Allow me to describe the problem like this. We start in $L$ and force with $\newcommand\P{\mathbb{P}}\P=\text{Add}(\omega,\kappa)$ to add $\kappa$ many Cohen reals. In the forcing extension $L[G]$, we form the class $\HOD_\R^{L[G]}$ of hereditarily ordinal-definable sets. Meanwhile, $L(\R)$ is the class of sets constructible from reals in $L[G]$, defined by starting with the real numbers of $L[G]$ and iteratively taking the definable power set.

Theorem. $\HOD_\R^{L[G]}=L(\R)$.

Proof. The inclusion $L(\R)\subseteq\HOD^\R$ is easy to see, as alluded to in the question, because every real is definable using itself as a parameter and, as can be seen by induction, every object in $L(\R)$ is definable in $L(\R)$ using finitely many ordinal and real parameters, and so every object there is definable in $L[G]$ using real and ordinal parameters. Indeed, in $L(\R)$ there is a definable surjection $s:\Ord\times\R\to L(\R)$, and this surjection is definable in $L[G]$.

It remains to see, conversely, that $\HOD^\R\subseteq L(\R)$. Suppose that $A$ is hereditarily definable in $L[G]$ using ordinal and real parameters. By $\in$-induction, we may assume that $A\subseteq L(\R)$. Let $B=\{(\alpha,z)\mid s(\alpha,z)\in A\}$, which is also definable in $L[G]$, using the definable surjection. It suffices to show that $B\in L(\R)$.

Since $B\in\HOD_\R^{L[G]}$, there is a formula $\varphi$ for which $$B=\{(\alpha,z)\mid L[G]\models\varphi(\alpha,z,\beta,a)\},$$ for some ordinal parameter $\beta$ and real parameter $a$. Fix names $\dot B$ and $\dot a$ for which $\dot B_G=B$ and $\dot a_G=a$, and fix a condition $p_0\in G$ forcing that $\dot B$ is defined by $\varphi(\cdot,\cdot,\check\beta,\dot a)$.

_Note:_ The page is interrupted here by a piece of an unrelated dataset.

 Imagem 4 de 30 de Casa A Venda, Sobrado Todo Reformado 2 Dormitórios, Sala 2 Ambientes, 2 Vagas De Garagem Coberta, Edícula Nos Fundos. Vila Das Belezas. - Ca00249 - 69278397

Claim. $(\alpha,z)\in B$ if and only if there is $\dot z$ and $L$-generic $g$ for a countable complete suborder of $\P$ in $L$, with $p_0\in g$ and $\dot a_g=a$ and $\dot z_g=z$ and $\exists p\in g$ with $L\models p\Vdash \varphi(\check\alpha,\dot z,\check\beta,\dot a)$.

Proof. The forward implication is easy, since we can take $g$ to be a fragment of $G$. Conversely, suppose that we have $g$ and $\dot z$ as stated. Since $g$ is an $L$-generic real in $L[G]$, we may extend $g$ to a full $L$-generic filter $H\subset\P$ with $L[G]=L[H]$. It follows that there is an automorphism of the forcing $\pi:\P\cong\P$ in $L$ with $\pi[H]=G$. Since $p\Vdash\varphi(\check\alpha,\dot z,\check\beta,\dot a)$, it follows that $\pi(p)$ forces $\varphi(\check\alpha,\dot z^\pi,\check\beta,\dot a^\pi)$, where the superscript $\pi$ means that we have applied the induced automorphism on names.

Since $\dot a_G=a=\dot a_g=\dot a_H=\dot a^\pi_{\pi[H]}=\dot a^\pi_G$, it follows that there is some condition $q\in G$ forcing that $\dot a=\dot a^\pi$. Without loss, $q\leq \pi(p)$. So $q$ forces $\varphi(\check\alpha,\dot z^\pi,\check\beta,\dot a^\pi)$. Since $z=\dot z_g=\dot z_H=\dot z^\pi_{\pi[H]}=\dot z^\pi_G$, this implies $(\alpha,z)\in B$, as desired. QED (claim)

The claim implies the theorem, since that definition can be carried out in $L(\R)$, using $a$ and $\beta$ as parameters and the fact that the forcing relation is definable in $L$. QED

This argument is a little more complicated than I expected, and I'm not sure if there is a more direct argument.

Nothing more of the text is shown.